On Fri, 27 Mar 2009 09:22:33 +1100
Brendan Simon <Brendan@BrendanSimon.com> wrote:

> OK.  I think I see some differences in my goals to that of emdebian.

No, just differences between your goals and what multistrap can
currently achieve because the idea of multistrap evolved during work to
develop a make system for Emdebian on balloonboard. Emdebian supports
your goals as well as what is currently implemented.

> I don't need the target system to actually be running a true em/debian 
> system that can execute dpkg*, apt*, etc.
> 
> I just want to use em/debian binary packages and tools to create a 
> rootfs, which I can then program directly into flash.  The kernel would 
> then mount the rootfs (from flash) and boot the target system.

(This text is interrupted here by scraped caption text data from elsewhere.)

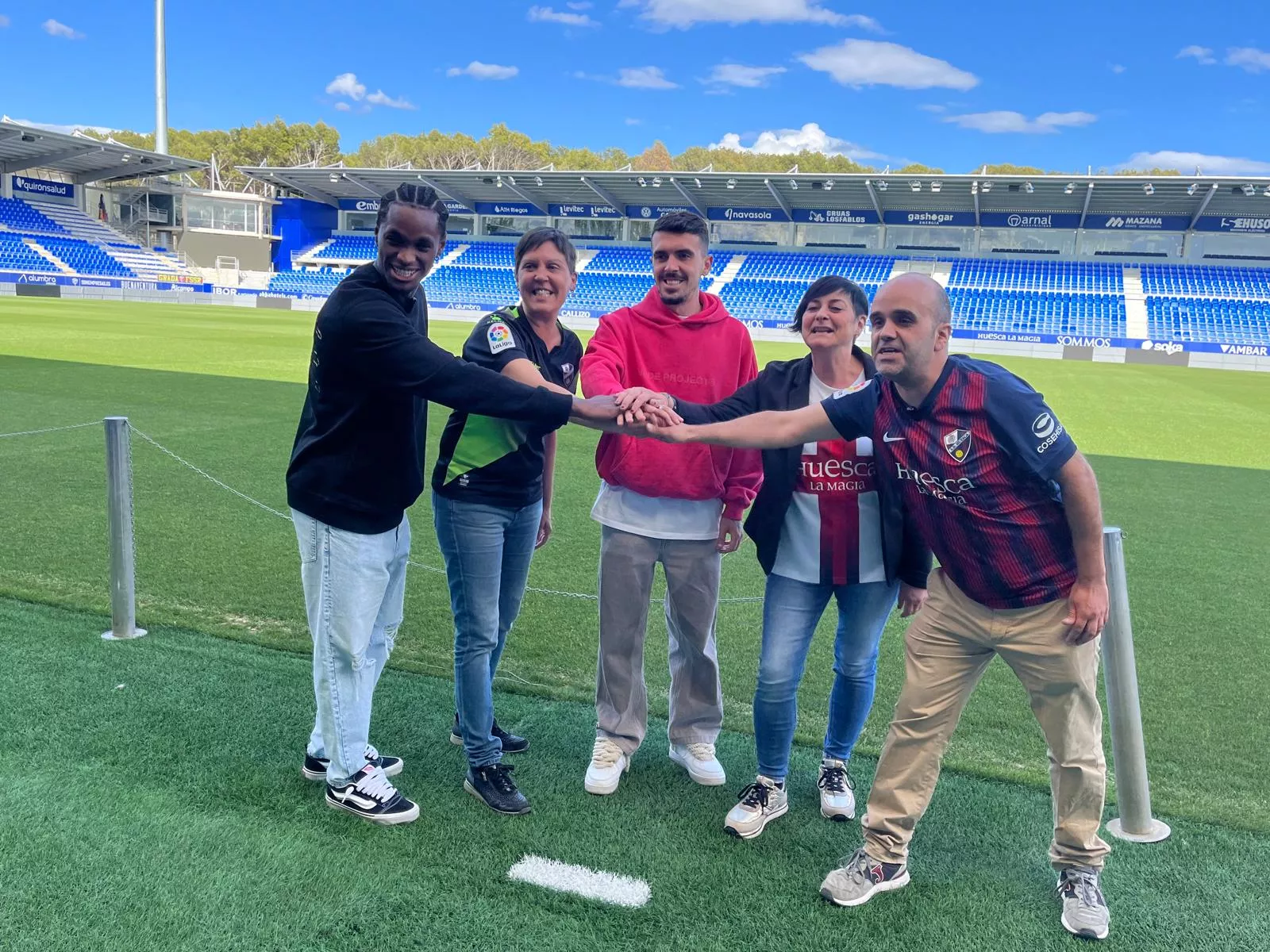 ¡Huesca, sí se puede! Joaquín y Balboa afirman que ante el Racing hay que "finiquitar la temporada"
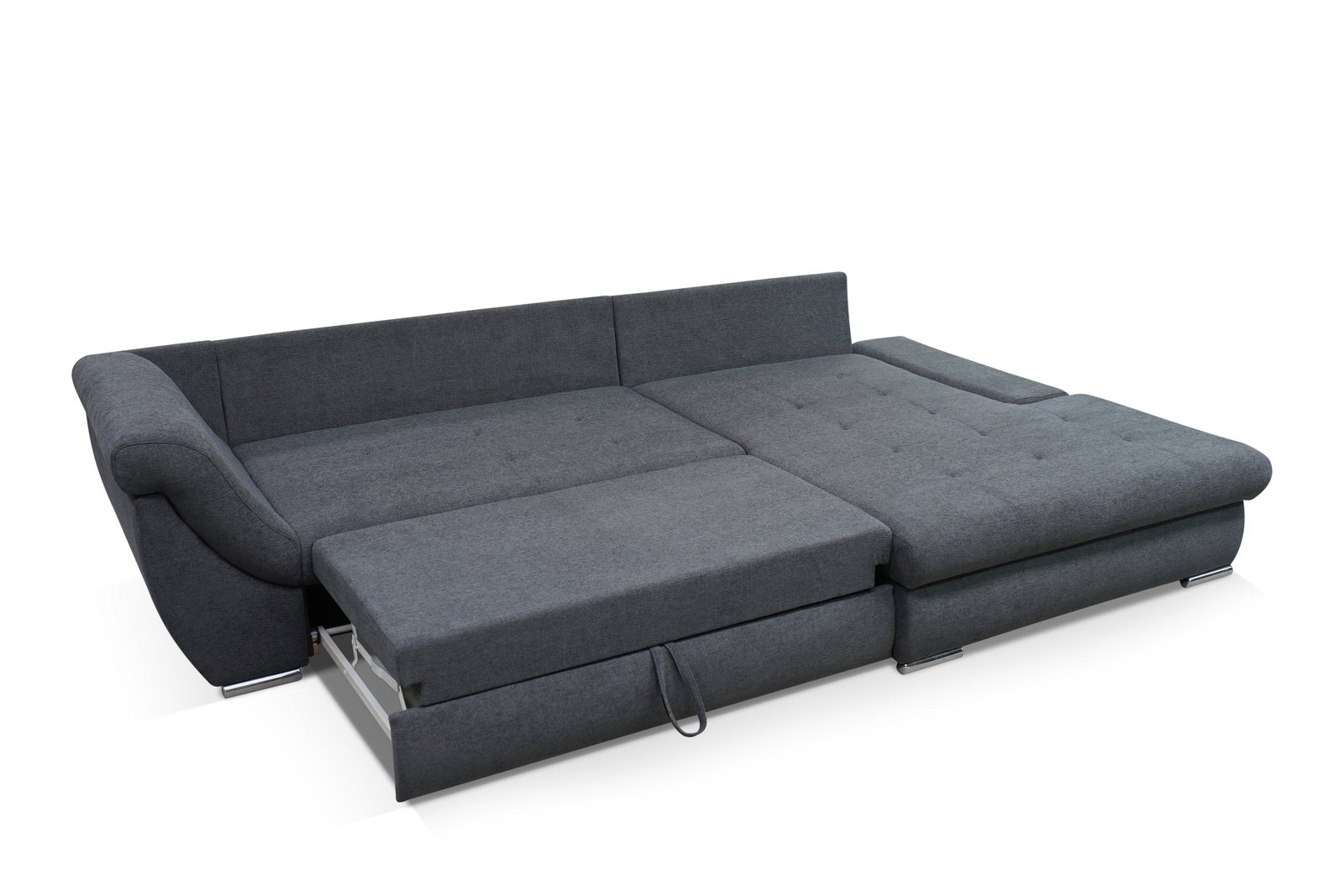 Graues Ecksofa mit Schlaffunktion, von schräg vorne fotografiert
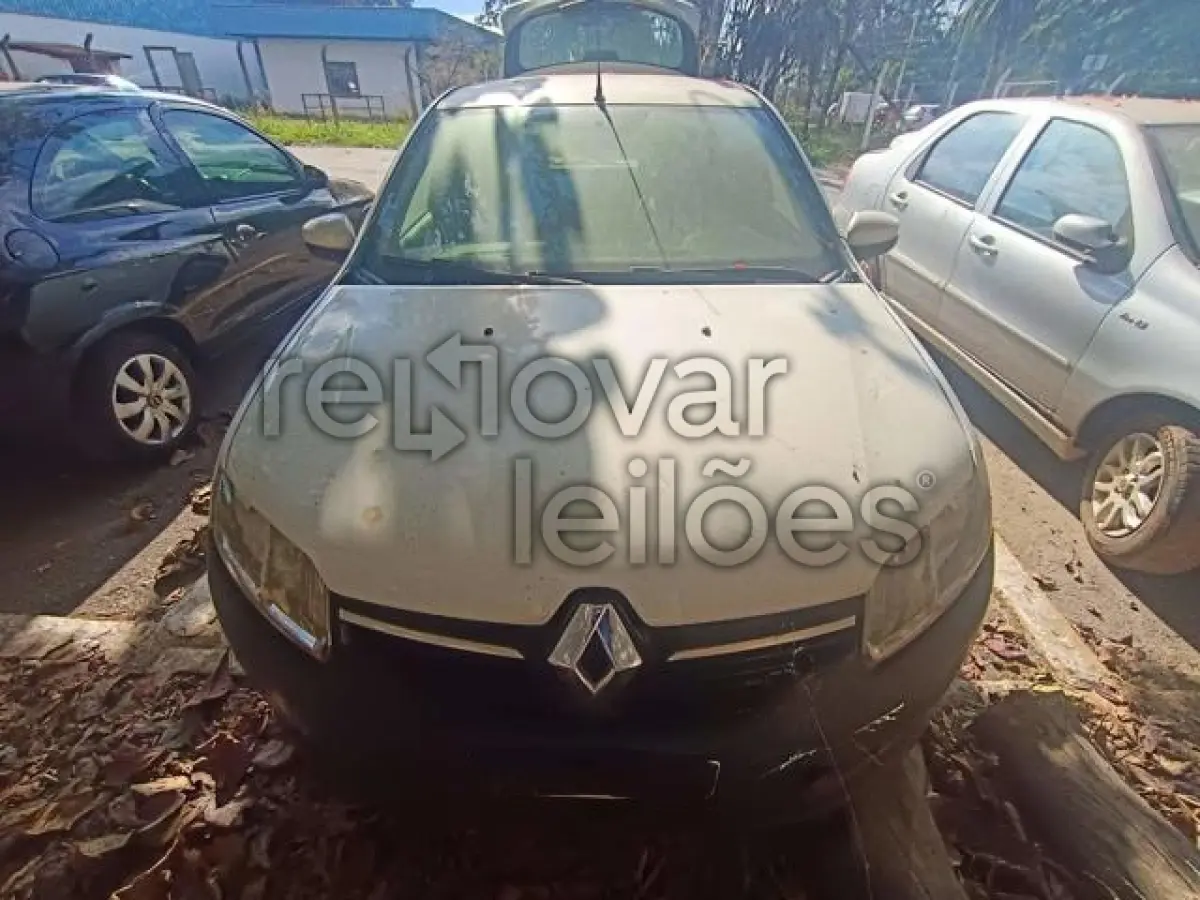 LOTE 012 - RENAULT SANDERO - ANO 2016/2016 - SICREDI SEMENTES DO SUL - DEPOSITADO EM BETIM/MG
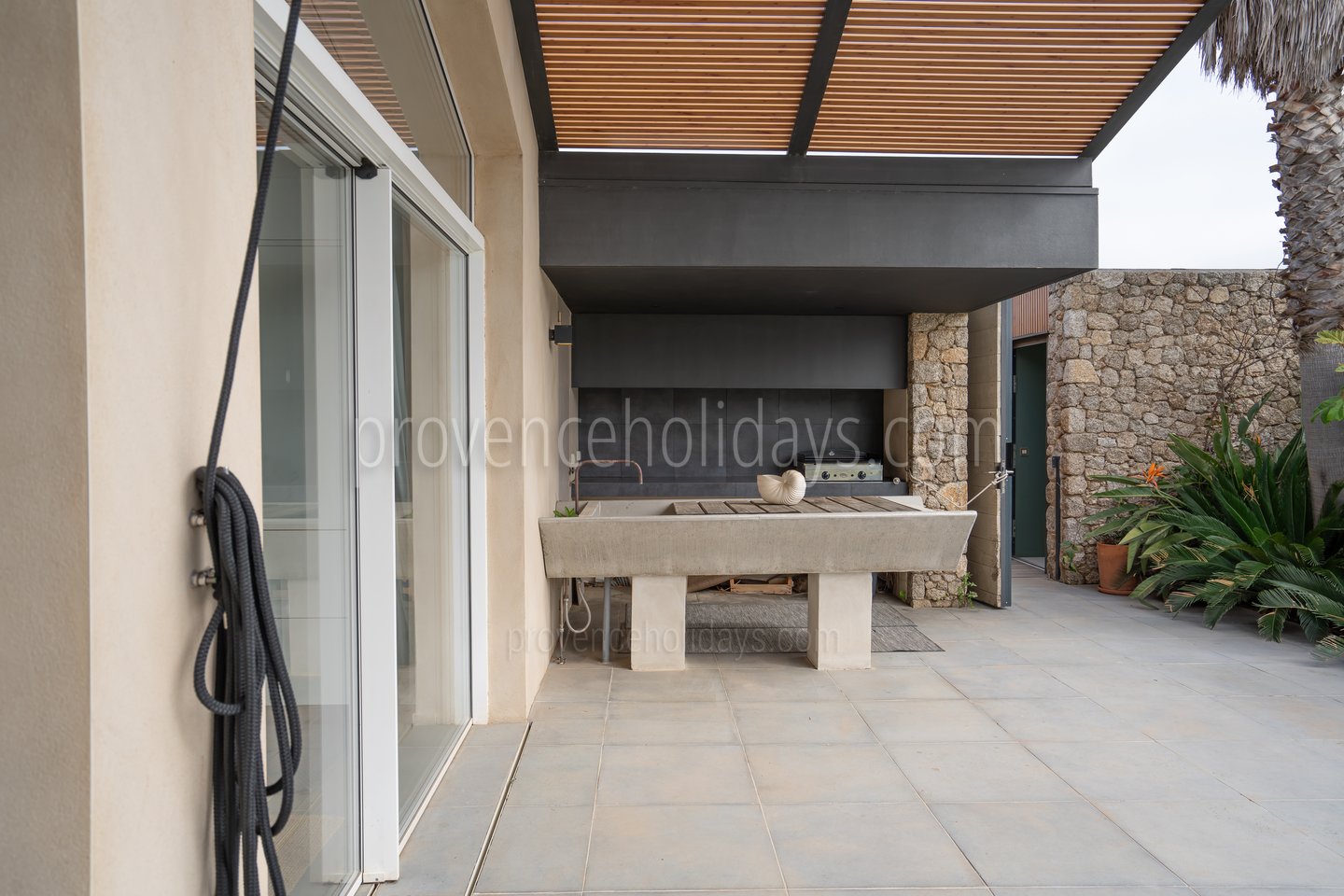 24 - Refuge d\'Azur: Villa: Exterior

So you just need a smaller rootfs - OK, I'll look at an option in
multistrap that omits the Required: packages and leaves it completely
down to the list of packages specified. However, you will need to be
careful with that selection and that rootfs will still need perl and
glibc etc. It is still Grip.
 
> So if emsandbox or multistrap can extract all files (via 'dpkg -e' and 
> 'dpkg -x'), I could do my own postint by generating my own configuration 
> files.

emsandbox has had this support for a long time but emsandbox was
written when only Crush was being considered, it doesn't handle Grip
particularly gracefully. However, because emsandbox still uses
debootstrap, you are then limited to one repository but gain the
ability to have complete control over the package selection via the
suite script used by debootstrap.

> Are "maintainer scripts" and "postint" the same thing ???
> (or is postint just a subset of "maintainer scripts" ???)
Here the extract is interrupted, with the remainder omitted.